== Task input ==

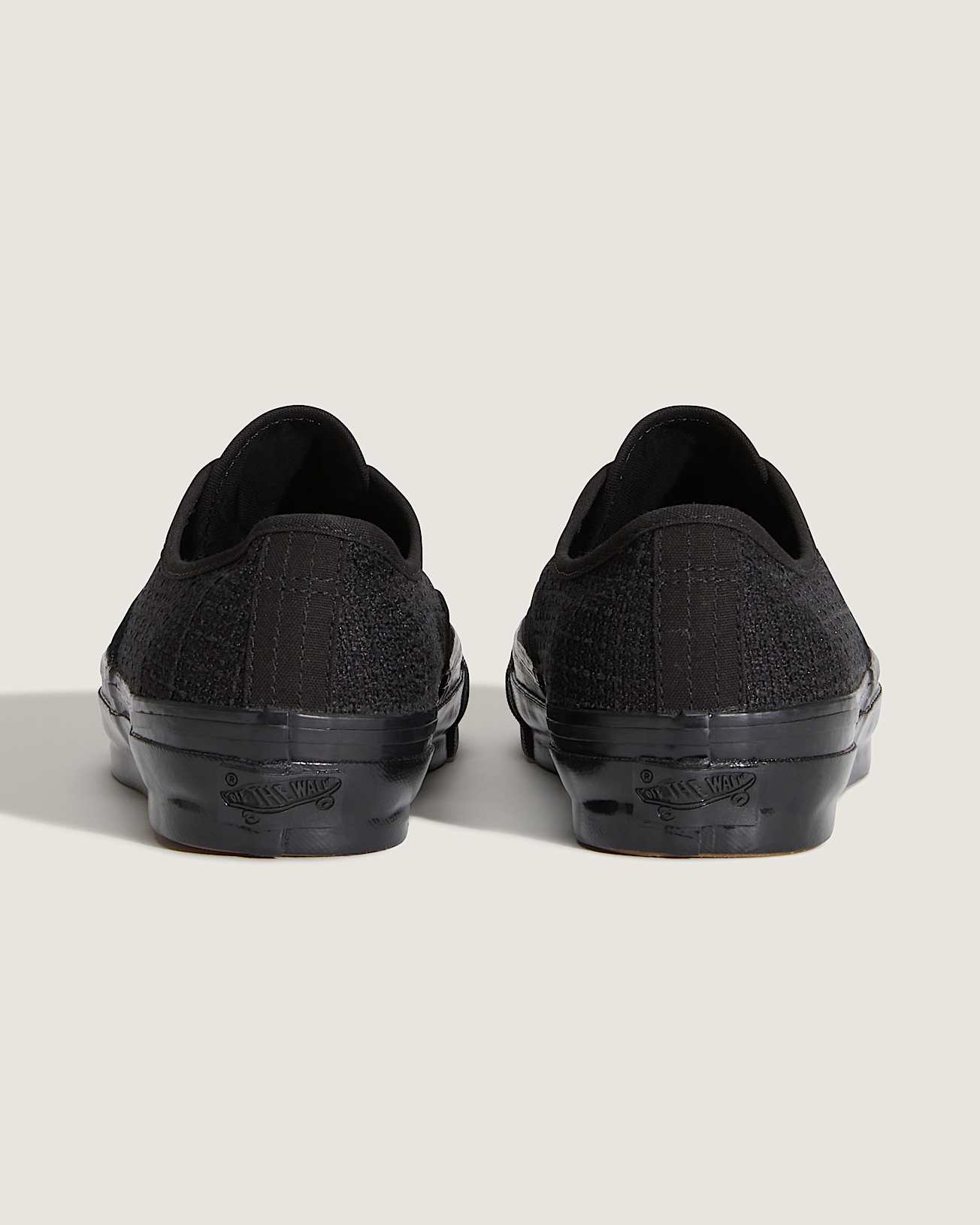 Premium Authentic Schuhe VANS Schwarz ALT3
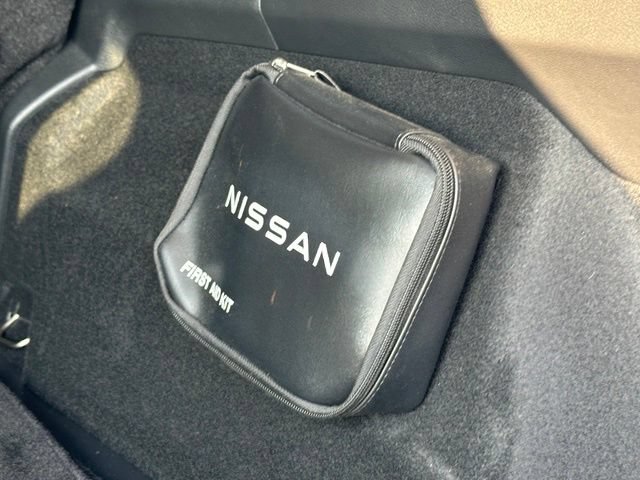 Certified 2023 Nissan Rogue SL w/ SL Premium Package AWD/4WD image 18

===
== Task input ==

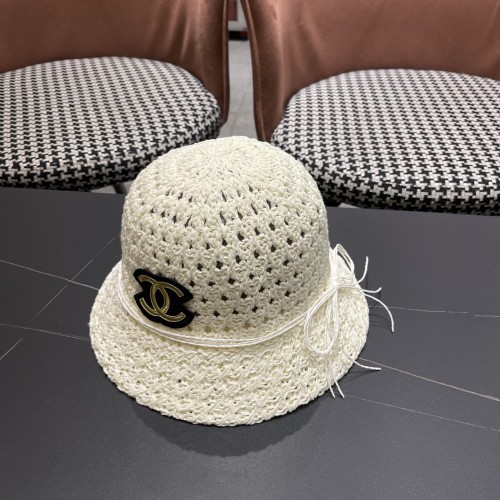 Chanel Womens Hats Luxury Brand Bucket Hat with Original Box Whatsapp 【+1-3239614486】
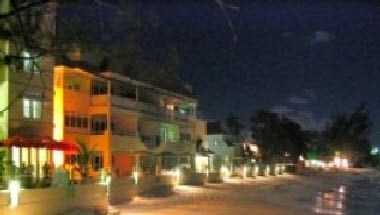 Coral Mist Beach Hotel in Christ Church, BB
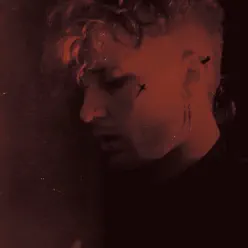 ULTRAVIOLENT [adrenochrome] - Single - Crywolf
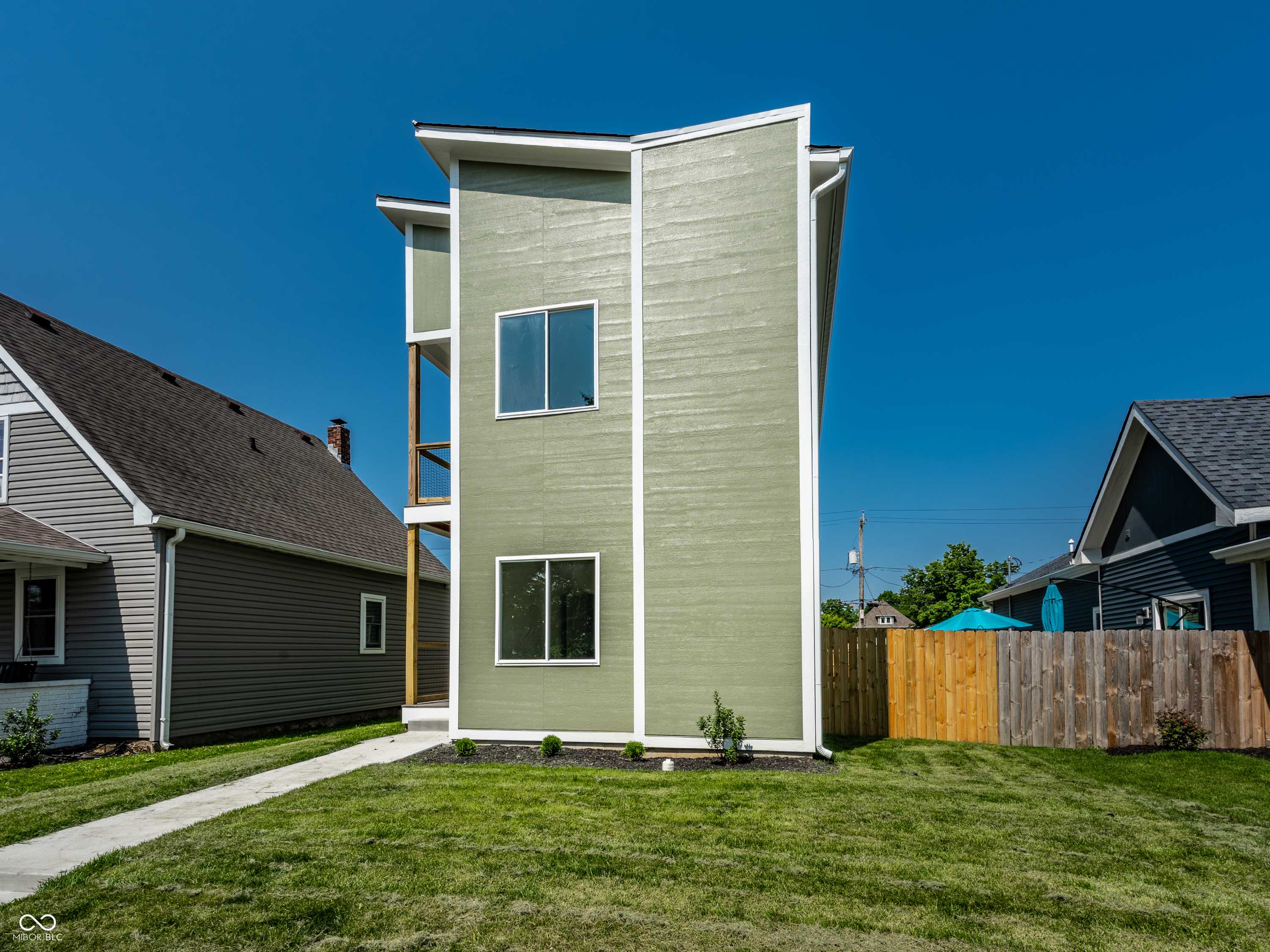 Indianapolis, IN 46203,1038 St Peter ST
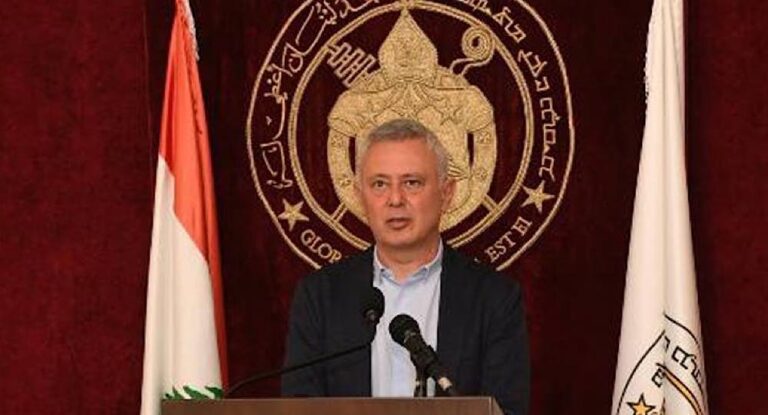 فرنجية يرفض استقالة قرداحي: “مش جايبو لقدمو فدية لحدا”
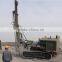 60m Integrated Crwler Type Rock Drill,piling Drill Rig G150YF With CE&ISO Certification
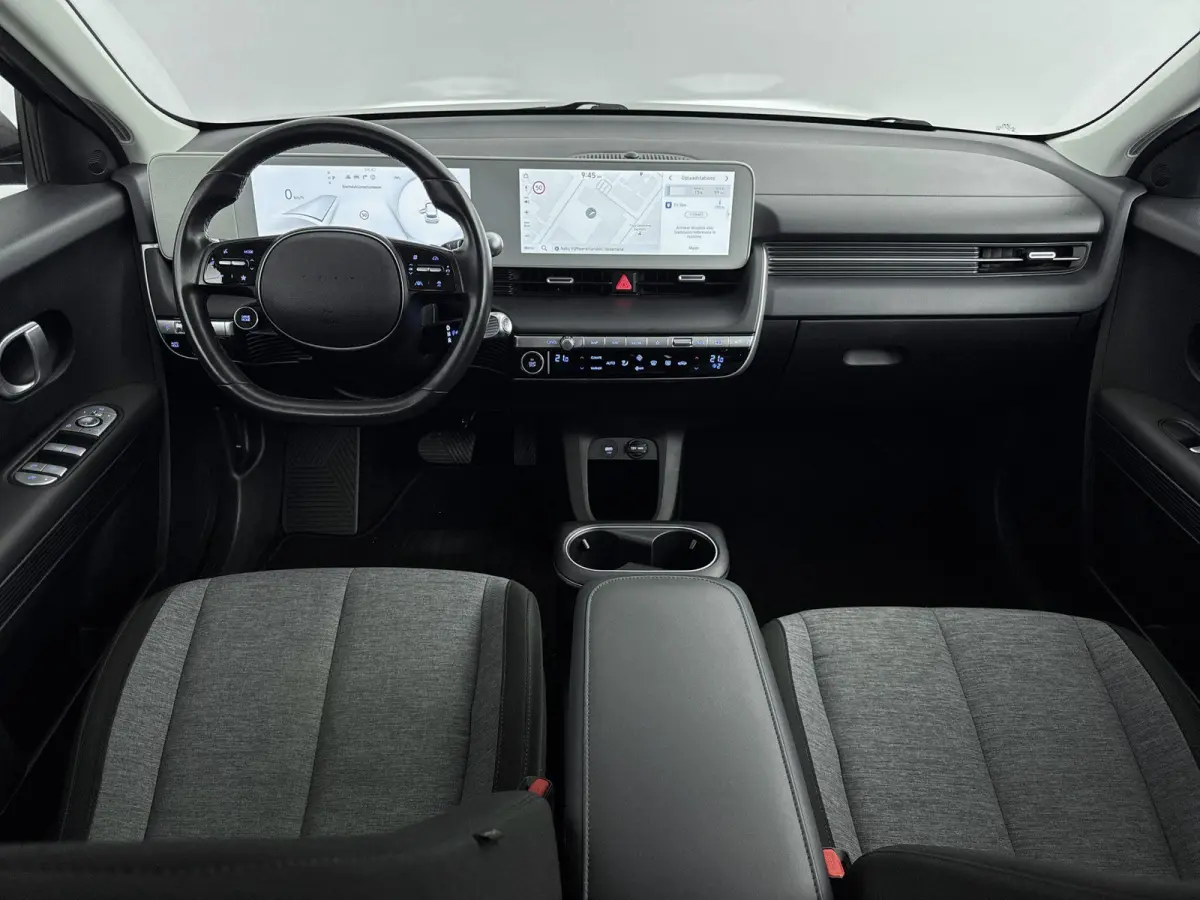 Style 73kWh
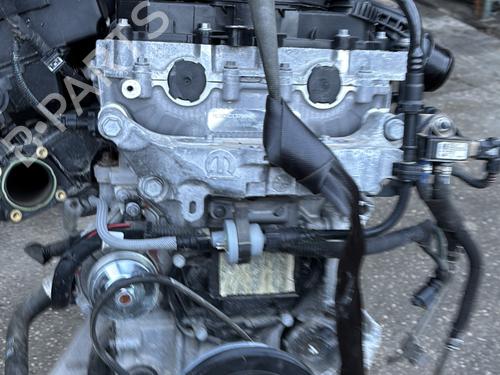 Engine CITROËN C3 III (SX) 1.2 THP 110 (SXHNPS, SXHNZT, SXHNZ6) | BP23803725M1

===
== Task input ==

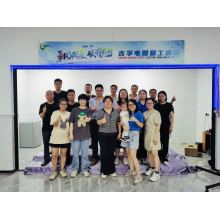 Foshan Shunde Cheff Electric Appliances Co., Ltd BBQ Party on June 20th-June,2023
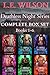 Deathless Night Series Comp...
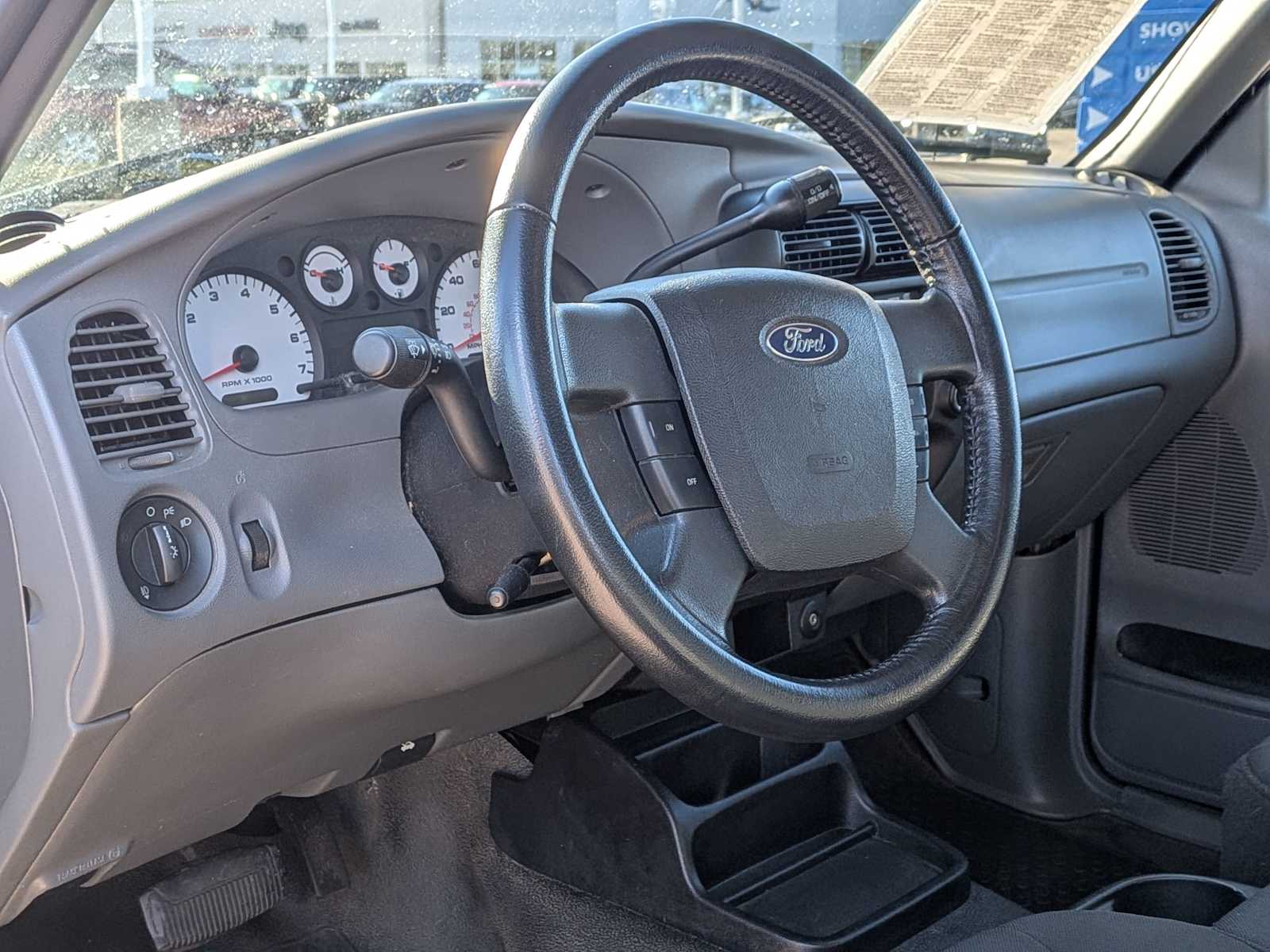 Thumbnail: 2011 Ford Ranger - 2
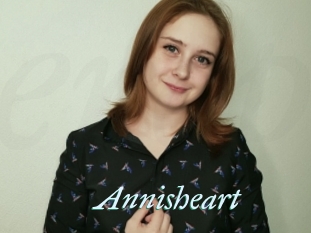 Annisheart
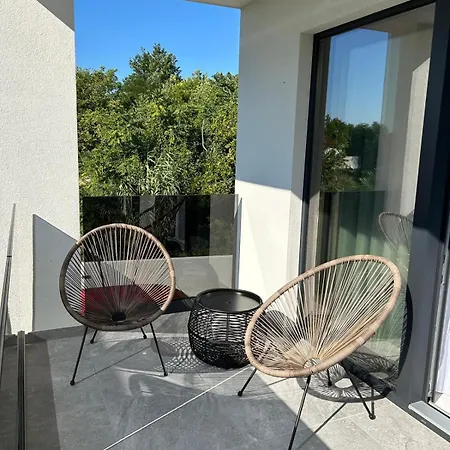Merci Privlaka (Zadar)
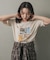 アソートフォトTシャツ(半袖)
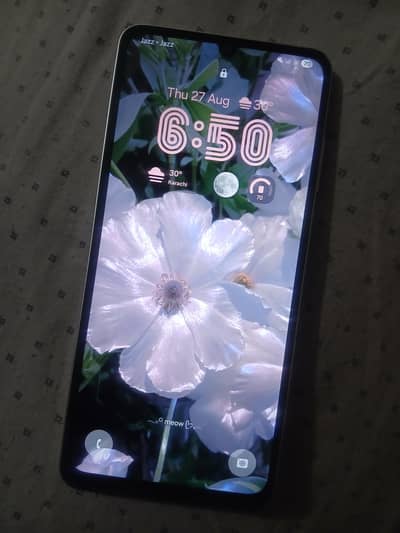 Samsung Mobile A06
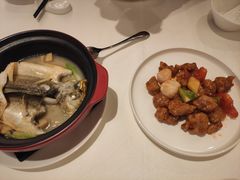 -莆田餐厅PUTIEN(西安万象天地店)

===

● **What is expected**
From the material above, reproduce only what runs from the line holding "Premium Authentic Schuhe VANS Schwarz ALT3" down to the line holding "Certified 2023 Nissan", both included, pictures excluded.

● **Solution for this problem**
 Premium Authentic Schuhe VANS Schwarz ALT3
 Certified 2023 Nissan Rogue SL w/ SL Premium Package AWD/4WD image 18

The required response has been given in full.